::: DATASET EXTRACT
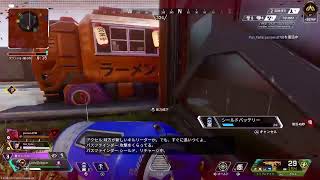 PS5　ライブ配信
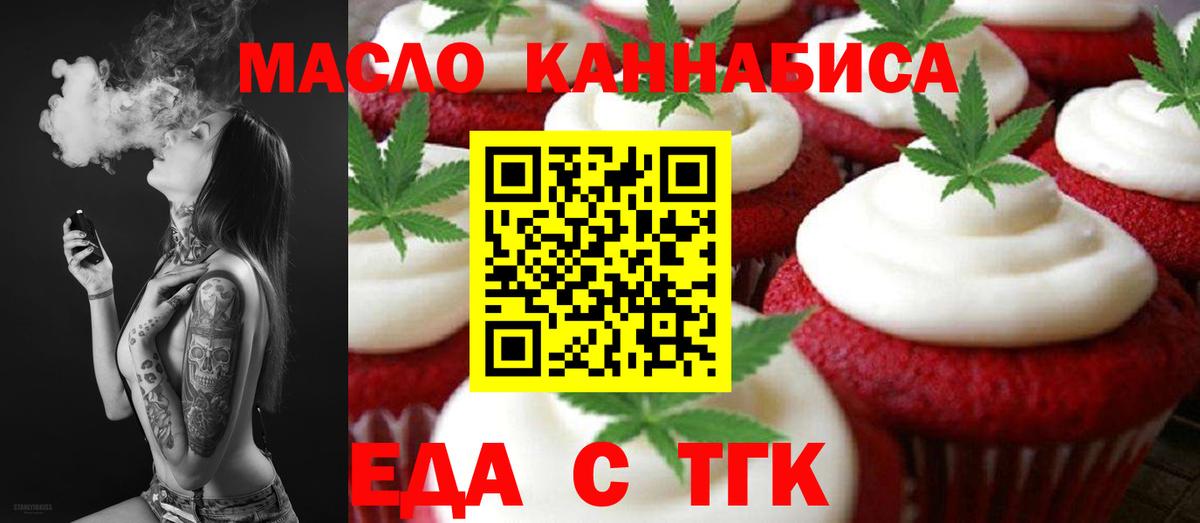 Феодосия  Cannafood марихуана  Вход с VPN 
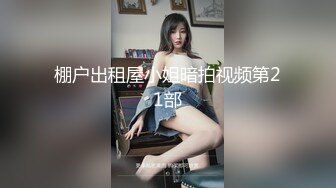 G杯巨乳御姐~长还那么漂亮【Linyanyan520】揉奶自慰 波涛汹涌巨乳~跳蛋喷水~【64v】 (8)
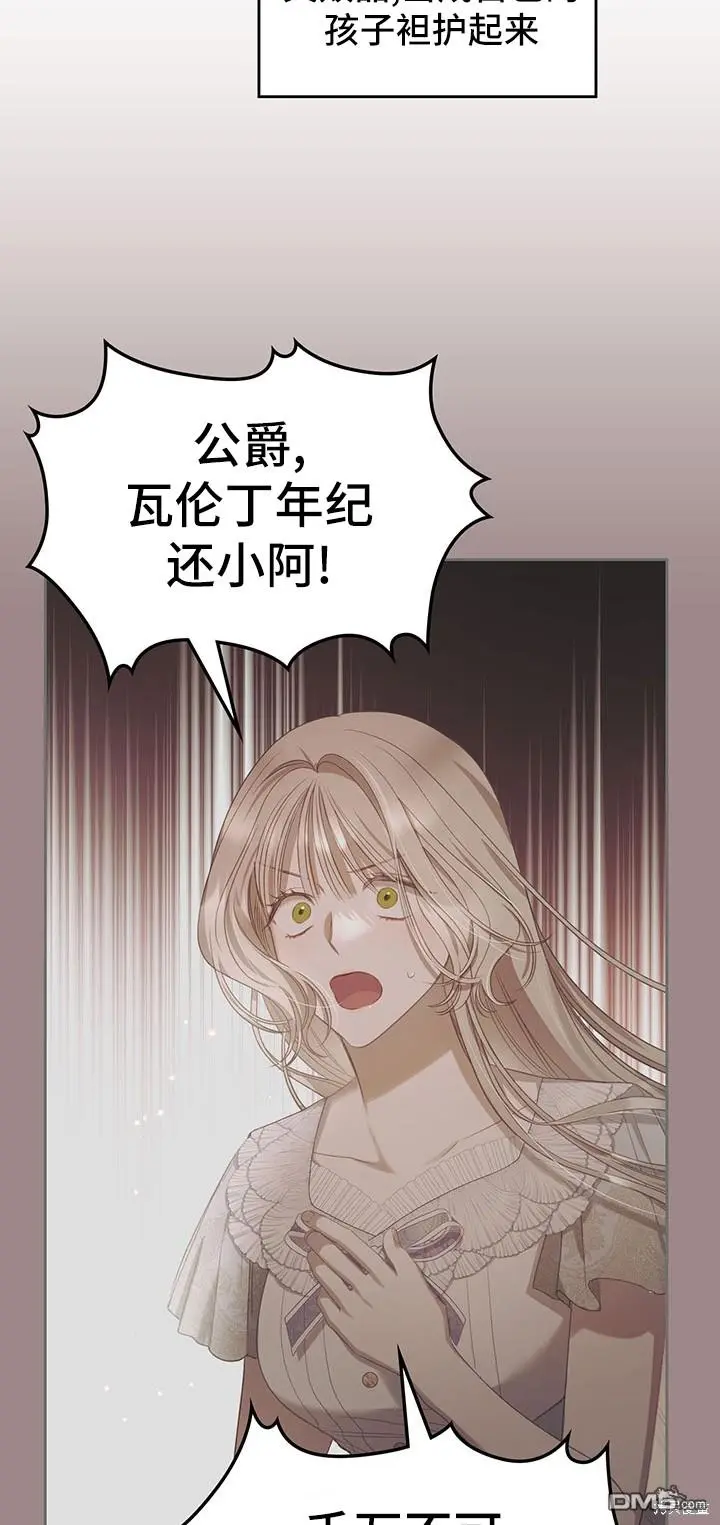 第15话 第7页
::::::
> THE PROBLEM: Make an exact copy of the listing above, omitting the pictures.

> SOLUTION TO THIS TASK:
 PS5　ライブ配信
 Феодосия  Cannafood марихуана  Вход с VPN 
 G杯巨乳御姐~长还那么漂亮【Linyanyan520】揉奶自慰 波涛汹涌巨乳~跳蛋喷水~【64v】 (8)
 第15话 第7页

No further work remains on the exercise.